Тем не менее работа Комиссии по уложению российских законов открыла достаточно неприглядную картину социальной действительности в стране для российской самодержицы. В её созидательной работе по созданию в России социальной структуры общества, аналогичной европейским странам, самой Екатерине II стало ясно: в стране, ей подвластной, сословия сформированы внешне, а не внутренне, у них нет созидательных социальных задач, а существуют сиюминутные, насущные.
Главным же социальным итогом царствования Екатерины II была Жалованная грамота дворянству в 1785 году. Этот документ наконец удовлетворил почти двухвековое ожидание русского дворянства. Жалованная грамота чётко сформулировала сословные права дворянства (как служебные, так и личные), окончательно признала за дворянами право собственности на всё своё имущество, с крестьянами включительно. Дворяне не платили налогов, судились с себе равными, наказывались только по суду, освобождались от телесных наказаний, приговор по преступлению дворянина получал силу только после его утверждения высшей властью. Дворяне имели право на свои собрания, на которых они избирали губернского, уездного, городского предводителя дворянства. Таким образом, налицо создание в России первой чётко структурированной социальной страты со своими обязанностями и правами.

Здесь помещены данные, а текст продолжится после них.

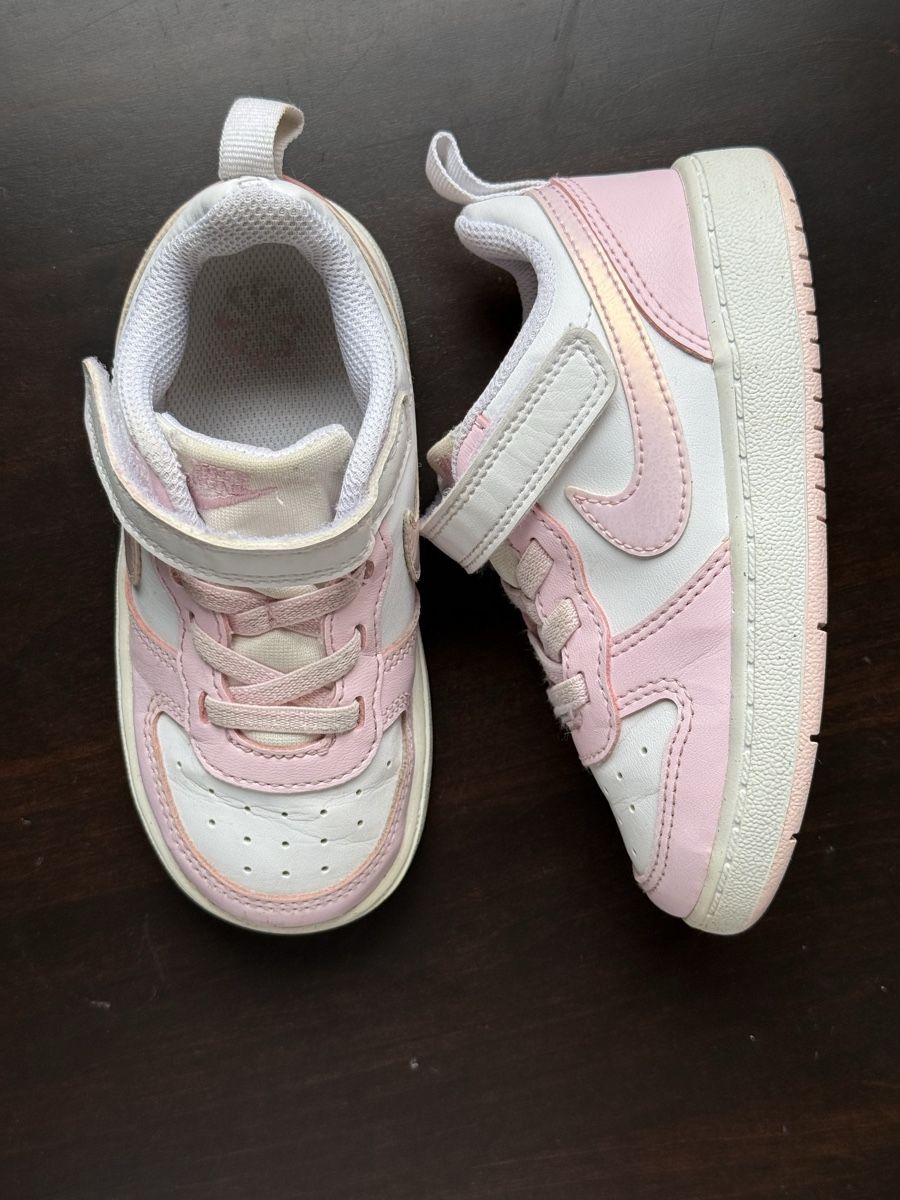 Nike Scarpe per ragazze: Baskets Nike – taille 24 – Usato da Bouveret venduto da HannaTkachenko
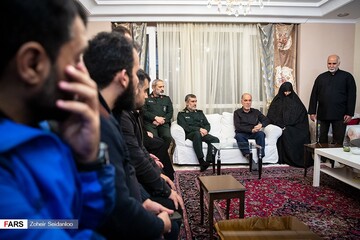 دیدار سردار حاجی زاده با خانواده شهیده فاطمه محمودی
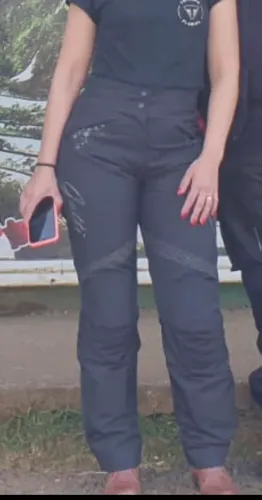 Vendo calça motociclista feminina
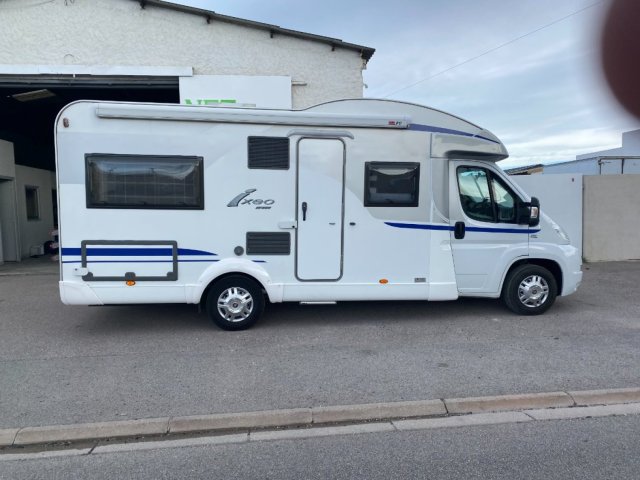 Burstner Ixeo IT 664 Bleu et blanc - Photo 2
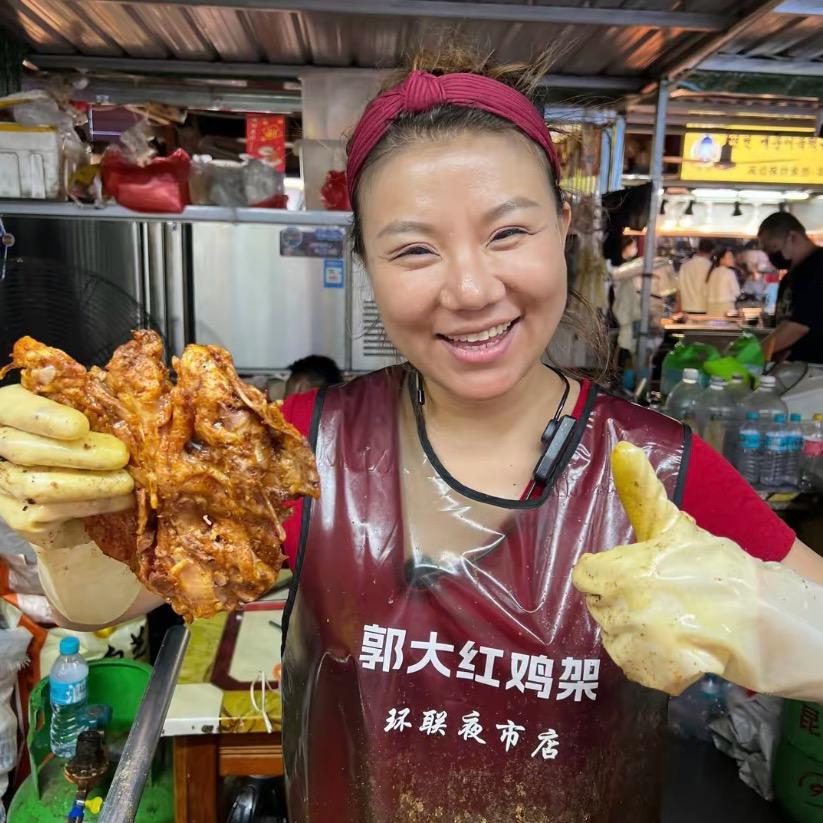 郭大红铁板鸡架摊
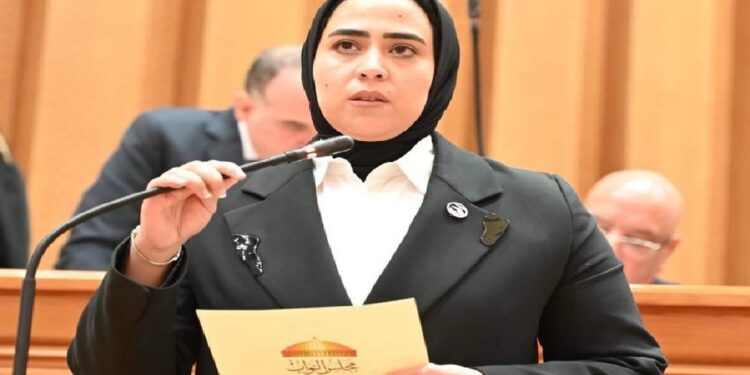 سارة النحاس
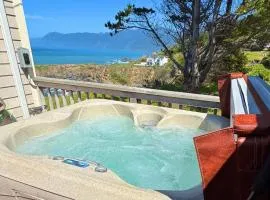 Cozy Oceanview! by OceanviewHotTubs Oceanfront! Shelter Cove, CA Tesla EV station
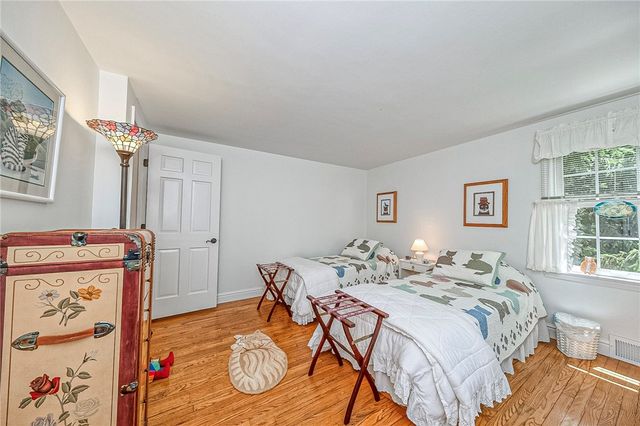310 Wildberry Rd, Fox Chapel, PA 15238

Глава III. Французская революция 1789 года, Россия и Российское общество
Пожалуй, ни одно историческое явление не готовилось так долго и тщательно, как произошедшая в 1789 году во Франции революция. Все исторические школы отмечают именно социальное значение этого события для мировой истории. Правда, марксистско-ленинская историография, что называется, «подгоняет» под свои догмы экономический аспект несоответствия старых производственных отношений нарождающимся новым производительным силам. Не то чтобы во Франции не было подобного противоречия, но процесс создания и господствования буржуазных экономических отношений в этой стране задержался достаточно надолго и объясняет ту специфику, благодаря которой Франция, несмотря на все свои внешнеполитические успехи, так и не стала первой экономикой мира.
Для идеологической подготовки «революции в умах» исторический процесс предоставил Франции примерно 150 лет, начиная с событий Фронды 16481653 годов. Гигантский объём произведений философии Просвещения позволил создать базу для пропаганды «свободы, равенства, братства» как парадигмы наступивших вслед за событийным характером Французской революции социальных изменений в обществе. В успехах этой пропаганды сказались некоторые детали мирового исторического процесса в XVIII веке.